Book Review: How Sweet To Be An Idiot
Summary: 4 Stars

"Being There" is a novel about the capricious issue of existence and identity in the television age, yet it is told in the manner of a child's fable, with simple, often beautiful prose and a narrative as processed through the consciousness of a simpleton.

That simpleton, Chance the Gardener, a.k.a. Chauncey Gardiner, is cast out of the garden he has tended which has been all he has ever known of the world, left to fend for himself in uncaring Manhattan. A fortuitous accident leaves him in the care of a dying plutocrat and his young, sexually frustrated wife, for both of whom Chance is the perfect tabula rasa upon which to affix their aspirations and sensibilities.
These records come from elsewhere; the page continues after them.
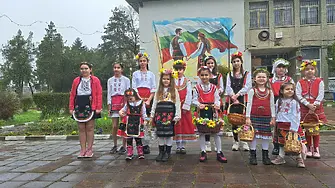 Лзарки донесоха празнично настроение и благословия в с. Коиловци!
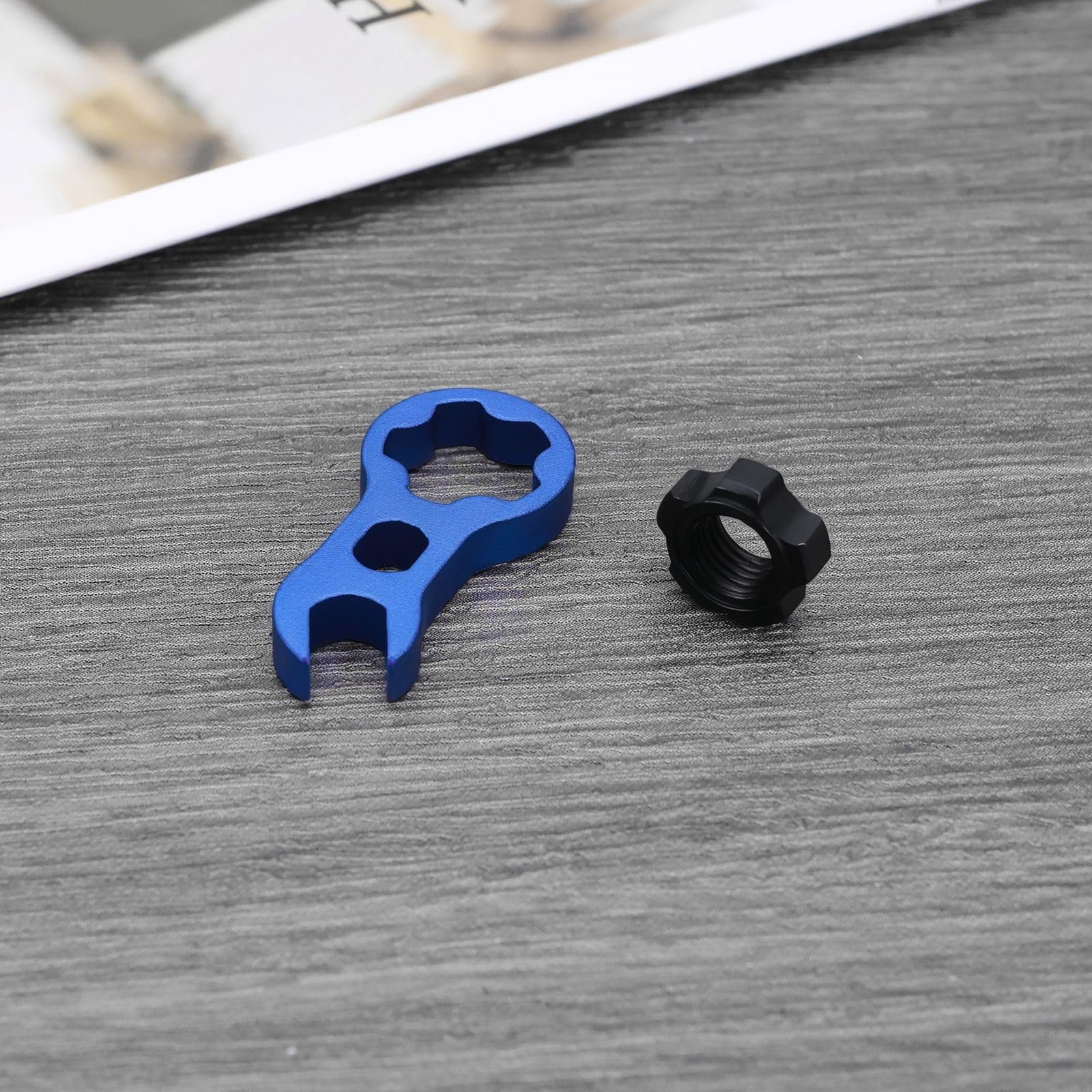 Lot De 2 écrous De Valve Pour Vélo En Alliage D'aluminium - Bleu Et Noir, Légers (4g), Avec Bagues D'étanchéité - 11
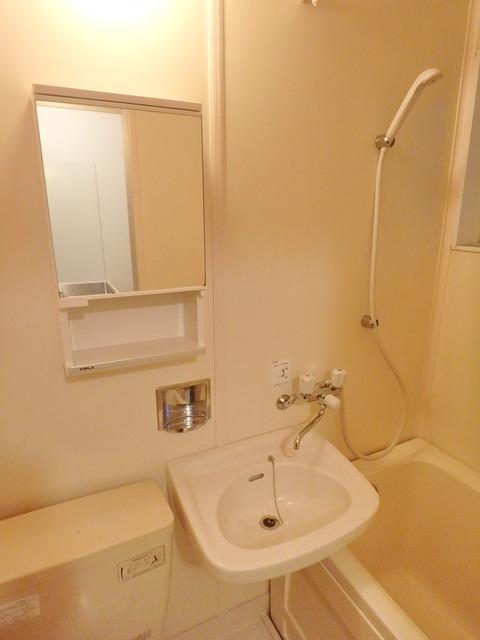 洗面設備　洗面設備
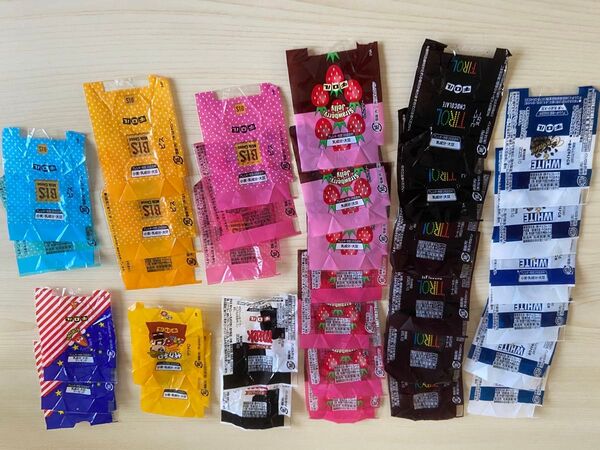 チロルチョコ 包み紙 34枚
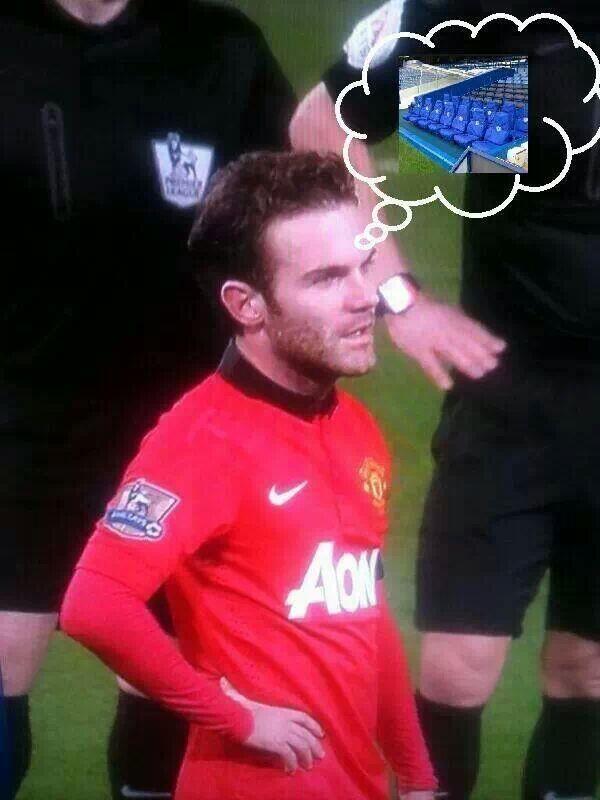 FBAwayEnds's tweet photo. Mata reminiscing #MUFC #MUFCvFFC http://t.co/eyhYmFcc3G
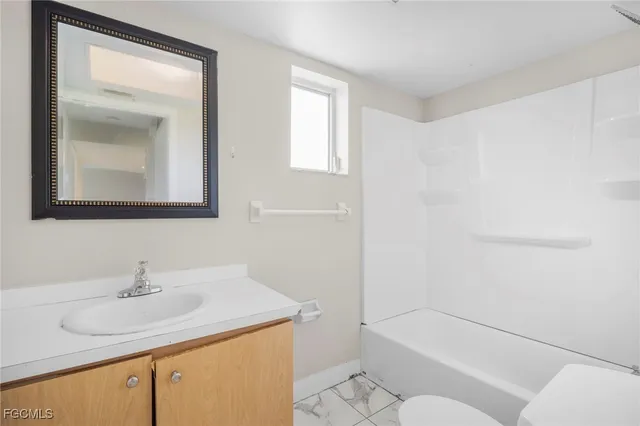 $1,050 | 3660 Seminole Avenue, Fort Myers, FL 33916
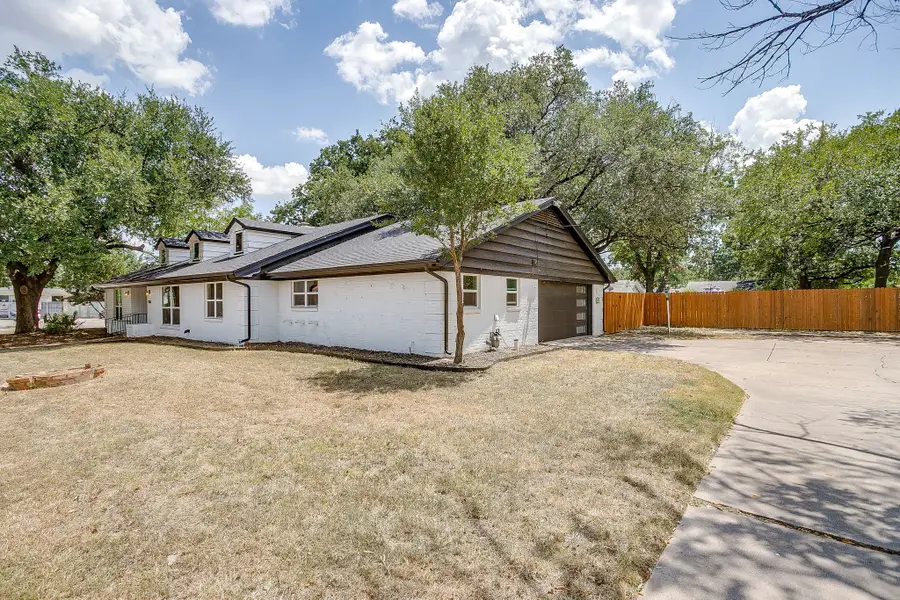 2536 Daisy Lane, Fort Worth, TX 76111 - Image #2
How soon before they guess at Chance's true nature, and kick him out of their world? Or will he somehow avoid detection, with his storehouse of borrowed phrases and techniques he has learned from television?

Jerzy Kosinski can't tell a joke to save his life, but he writes with beautiful clarity.

"And yet, with all its life, even at the peak of its bloom, the garden was its own graveyard," goes one early passage of Chance tending his garden. "Under every tree and bush lay rotten trunks and disintegrated and decomposing roots. It was hard to know which was more important: the garden's surface or the graveyard from which it grew and into which it was constantly lapsing."

If "Being There" the novel suffers from one thing, it's "Being There" the movie. There, Chance is played by the sublime Peter Sellers, who finds every glimmer of humor in Chance's character, adds some more, and yet carries Kosinski's character to metaphoric heights the author himself didn't envision. There's also the fact that the film plays more assuredly with the video medium that is a central theme in both stories, throwing up bits of real commercials and children's TV to play up against the plot shifts.

What the book has going for it is its use of fable-like elements that don't translate so well onto film. The Russian ambassador tells Chance that he has "that certain Krylovian touch," referring to a popular Russian fable-writer, and its true enough. Near the end of the book, we are told by a White House observer that the sequence of events that have brought Chance to global attention span fill just four days, which is clearly not in the realm of reality as we know it, especially given the soporific pace of events in the book.

There's an edge to this fable: The Russian ambassador goes on to send Chance a copy of Krylov's fables in the original Russian, which we discover has been taken from a recently arrested Jewish dissident. But characters who present a voice of skepticism in the film, like Louise the cook and Dr. Allenby, are absent here. So too, alas, is the film's finest single moment, its enigmatic ending which actually underlines the fairy-tale quality of this story.

Chance does have some self-knowledge in the book, just enough to wonder who he is and whether he will become two people when he appears on television, the Chance on TV and the Chance who watches. Within its simple constructs, Kosinski asks some deep questions and presents us with food for thought. Plus he doesn't take very many pages to do it. Fables work better when told fast. "Being There" is an adult fable told very well.

Book Review: If by Chance...
Summary: 4 Stars

Jerzy Kosinski has written a delightful modern parable. Each actor in this allegorical tale sees Chance as a wise and insightful sage. But Chance, dubbed Chauncey Gardiner, is an illiterate gardener whose only contact with the outside world before being caught up in high finance, politics, and diplomacy was his garden and his television watching habit. He doesn't try to hide his past as he adapts as best he can to his new environment. His aphorisms taken from his experiences in the garden are interpreted by his listeners as great sooth. Because he has no discoverable past he is believed to be an operative some powerful organization in the eyes of the beholders.
This is a story to enjoy and give some thought to.